冒険が終了しました! リプレイ結果をご覧ください。

オープニング

●新天地動乱
 豊穣郷カムイグラは静寂の青(旧絶望の青)を踏破したことで発見された新天地である。
 極めて長い間外界と隔てられていたものの、神使召喚に際して幻想国その他大陸側の人間が召喚されるという通称バグ召喚によってこちらの歴史や風土が彼らにはある程度伝わっていたようだ。
 こと今回に至って世界はつながり諸問題は解決したかに見えたが……しかしこれは新たな動乱の幕開けに過ぎなかった。

 海洋王国と豊穣郷が合同で行った夏祭りは表面上成功を収めたが、その裏で引き起こされた呪詛事件、そして未だ脅威となり続けている肉腫(ガイアキャンサー)事件がさらなる暗雲を告げていた。
 そんな事件をこえ、夏も終わろうとしている今。
 カムイグラ京中では禁忌の呪詛が流行しはじめていた。

「ひとくくりに『呪詛』って呼ばれるコレは、妖怪を用いたかなり攻撃的な呪術みたいだね」
 カムイグラ京中の茶屋にて、『黒猫の』ショウ(p3n000005)は今現在流行している呪いについて語った。
「妖怪を切り裂いて、その一部を媒体として使うんだ。
 そうすると、その妖怪の特徴を引き継いだ『忌』が対象者のもとへ現れて物理的に殺してしまうというものだね。
 コレのたちが悪いところは、迎撃に成功すると術者へその『忌』が戻っていき、結果術者が殺されてしまうって所だ。
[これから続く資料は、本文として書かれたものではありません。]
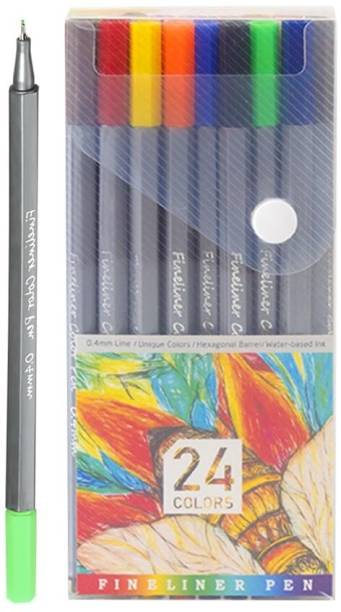 Corslet Fineliner Color Pen Set 24 Pc Pen, 0.4mm Fine Nib, Porous Fine Line Pen, Brush Fineliner Pen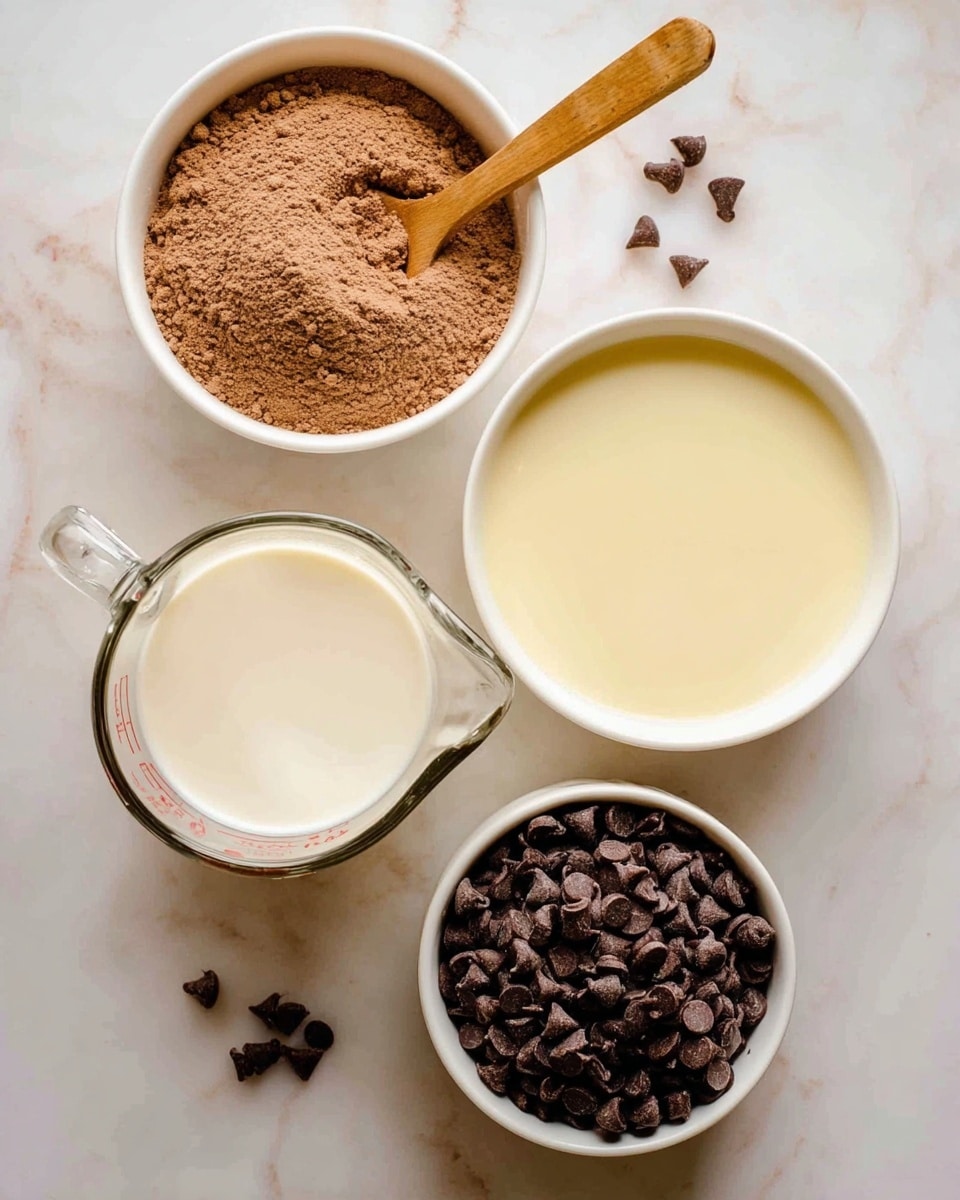 The image shows four containers on a white marbled surface. At the top left is a white bowl filled with a brown powder, with a wooden spoon resting inside. To the right of this bowl is another white bowl filled with a smooth, pale yellow liquid. Below these two bowls, at the bottom left, is a clear glass measuring cup filled with a creamy white liquid. To the right of the glass cup is a white bowl filled with small, dark brown chocolate chips, with a few scattered chips on the marble around the bowl. Photo taken with an iphone --ar 4:5 --v 7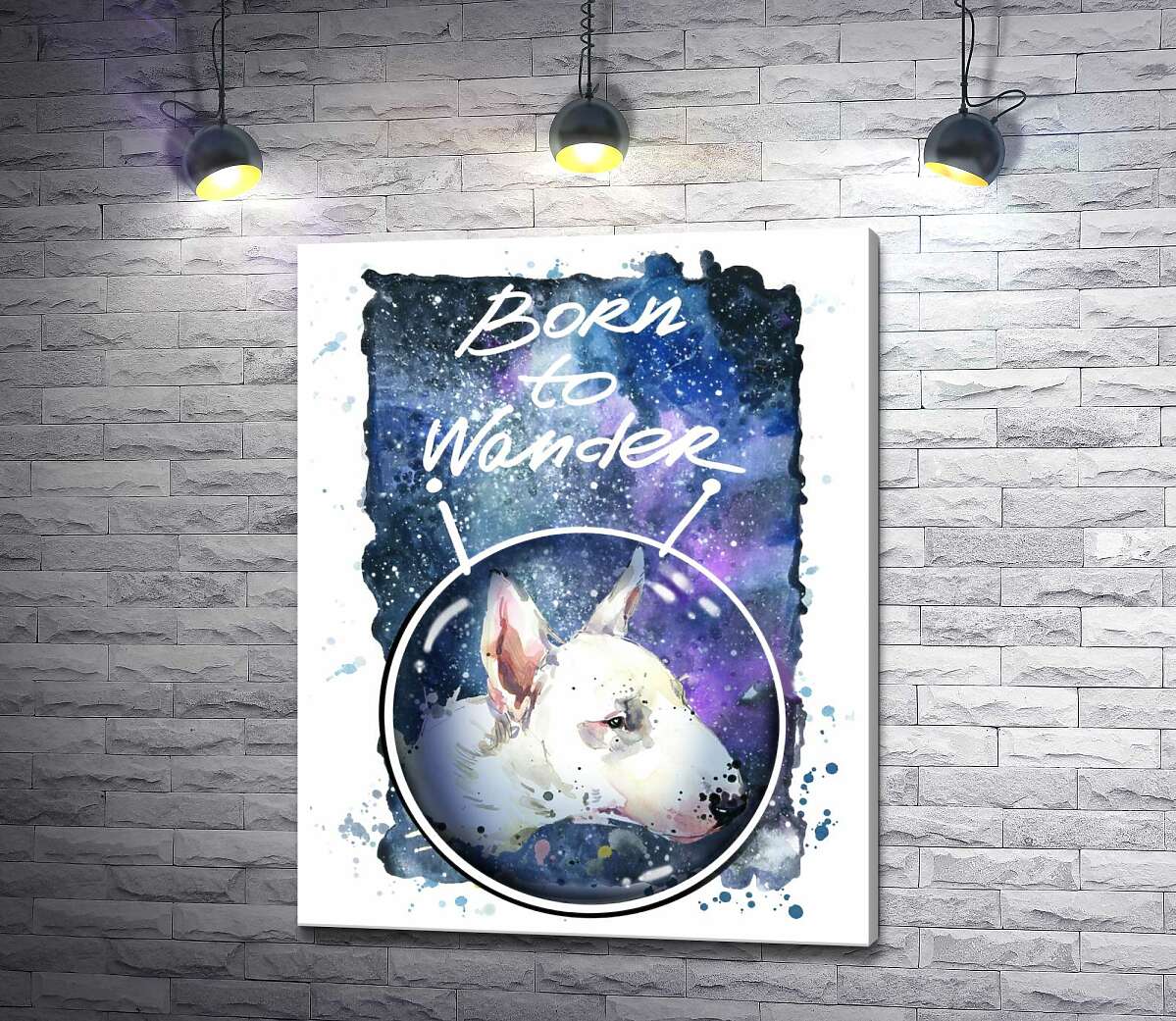 

Картина ArtPoster Белый бультерьер в шлеме космонавта под надписью "born to wander" 130x166 см Модуль №1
呪詛による死者が出ても、それが被害者か加害者か判別しづらくなるんだね。
 ましてやこれが流行なんてしてるから、どこの誰が自分を狙ってるか分からない事態に陥ってるってわけ。
 何が目的かは分からないけど、仮に京を混乱させるためだとしたら大成功って言えるのかもね」
 あえて皮肉げに語るが、しかしここは仕事の場。
 ショウはただ皮肉な世間話をしにきたわけではない。
「で……そうやって呪術に使われた妖怪は、どうなったと思う?」

●日照河童、丹波一族の悲劇
 呪詛の媒体となった妖怪は、呪詛に浸食され『呪獣』となる。
「元々妖怪にはいい奴もわるい奴もいたんだろうけど、そんなのお構いなしに呪詛につき動かされて狂乱してる。そこで、今回の依頼ってわけだ」
 ショウが紹介したのは。なんと。
「ど、どうも。河童の海老太郎っていいます」
 河童の子供であった。

 頭に例のお皿をのっけた、人間でいうと10歳程度の小柄な妖怪。河童である。
「オイラのご先祖はこのあたりに暮らしてたです。
 けど京ができて川がうつされて、みんなそっちに移り住んだです。
 それでも残ろうとした人達は『丹波一族』っていって、日照河童っていうわるい妖怪になって人間を今でも襲ってるって聞きます……」
 あなたにカムイグラの知識が少なからずあるなら。この日照河童も聞いたことがあるだろう。町中で時折現れては恨み言をのべながら人に殴りかかるというもので、しかし全身が干からび体力もまるでないことから時に危険視されていない。
 ちょっとした害獣程度の扱いを受けているというが……。
「丹波一族のみんなが、狂暴な妖怪になって暴れているんです。理由はきっと……」

●呪獣
 海老太郎の話にショウの情報を加えると、こうだ。
 丹波一族と呼ばれる日照河童たちは細々と暮らしていたが昨今役人達によって大量に捕獲されたという。
 捕獲した日照河童は主に民部省内で呪詛の媒体として使われ、あちこちで日照河童の腕が発見されたそうだ。
「腕だけ切り落とされた丹波一族は近隣の村に廃棄され、呪獣になった。
 今でも人間を恨みながら、村を襲おうとしているそうだ」
「オイラにとってはずっと昔に分かれた一族だけども、人間に利用された上に怪物になっちゃうなんてひどいです。
 せめてこれ以上わるさを重ねないように、丹波のおじちゃんたちを倒してあげてほしいんです……」
 河童の海老太郎はすんすんと涙をぬぐい、あなたに数枚の小判を差し出した。

GMコメント

■オーダー
・成功条件:呪獣化した日照河童たちを討伐する

 高天京からやや離れた農村にて、呪獣日照河童が大量に廃棄。凶暴化して人へ危害を加えているという。
 古き同族である河童海老太郎よりの依頼を受け、あなたは事件のあった『上坂村』へと訪れた。

●日照河童の討伐
 元々は『武装した人間より弱い』とすら言われる日照河童たちですが、呪詛の浸食が進行しきったことで強力な妖怪へと変貌してしまいました。
 村の住民は一部が殺され、残りは避難しています。
 日照河童たちは村の食料を食いあさり、それらを終えた段階で隣村へと侵攻するつもりのようです。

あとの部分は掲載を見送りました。